Dentlein/Ansbach - Der tragische Sportunfall mit einem vor mehr als einem Jahr in Dentlein (Landkreis Ansbach) tödlich verunglückten Schüler wird nun doch nicht in einem Strafprozess aufgerollt.

Der angeklagte Sportlehrer habe seinen Widerspruch gegen einen Strafbefehl am Dienstag kurz vor Prozessbeginn zurückgezogen, teilte Gerichtsdirektor Werner Voll mit. Der für den gleichen Tag beim Amtsgericht Ansbach anberaumte Prozess sei daraufhin abgesagt worden.

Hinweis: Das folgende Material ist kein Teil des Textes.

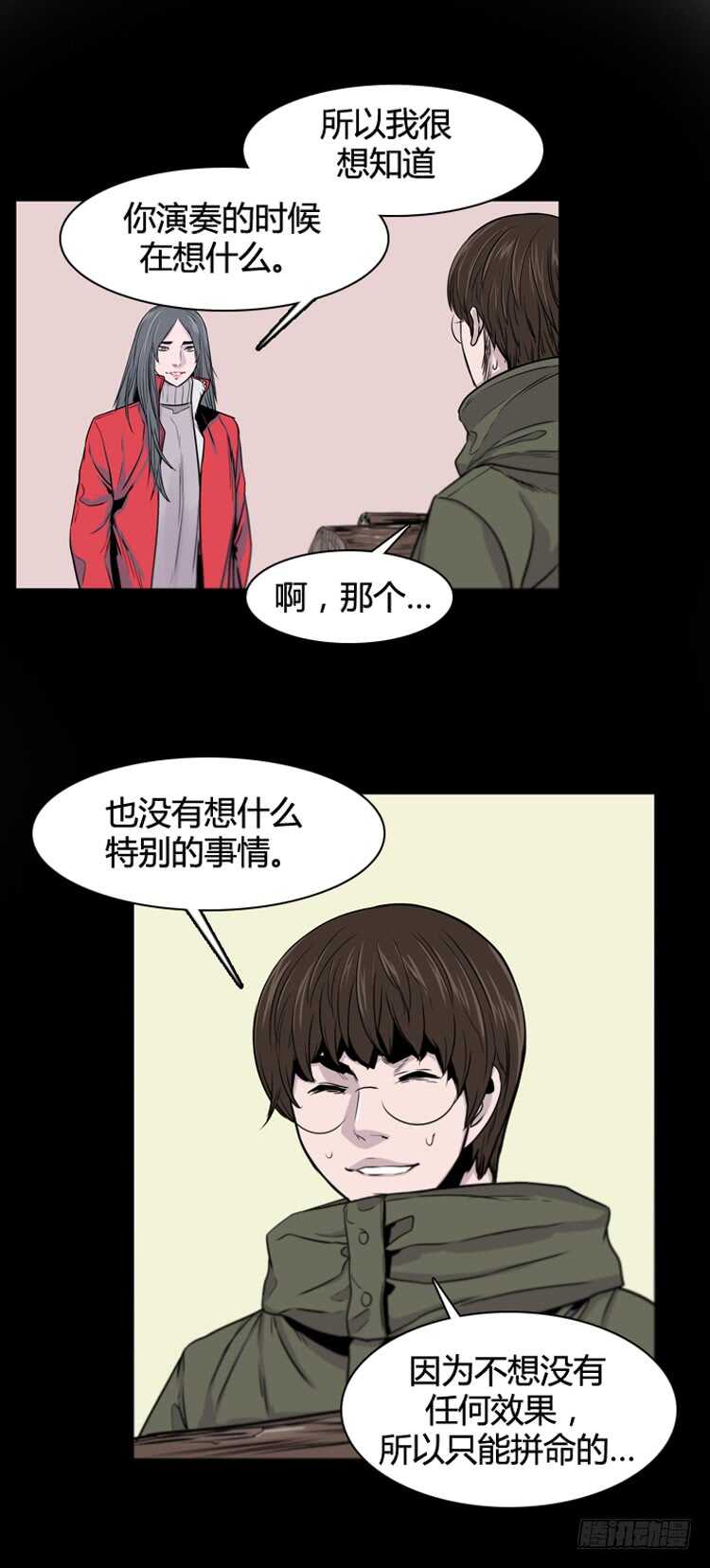 《亡灵之王》漫画最新章节第377话 战争开始6-上免费下拉式在线观看章节第【18】张图片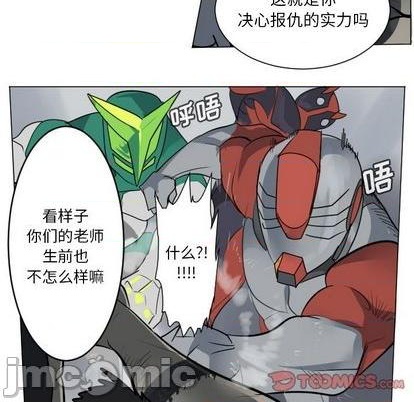 《Ultimiter终极者》第169话 第15页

Die Justiz hatte gegen den 35 Jahre alten Pädagogen einen Strafbefehl über 6600 Euro erlassen, der nun rechtskräftig ist. Die Staatsanwaltschaft wirft dem Pädagogen fahrlässige Tötung vor. Der Lehrer habe Schüler nicht ausreichend überwacht, als diese im Sportunterricht in der Hauptschule Dentlein die Befestigung eines Handballtors lösten, berichtete der leitende Oberstaatsanwalt Ernst Metzger am Montag. Nur deshalb habe das Tor später beim Volleyballspiel umkippen und einen 14 Jahre alten Schüler erschlagen können. Die Polizei hatte damals von einer Verkettung unglücklicher Umstände gesprochen, die zu dem Unfall geführt hatten.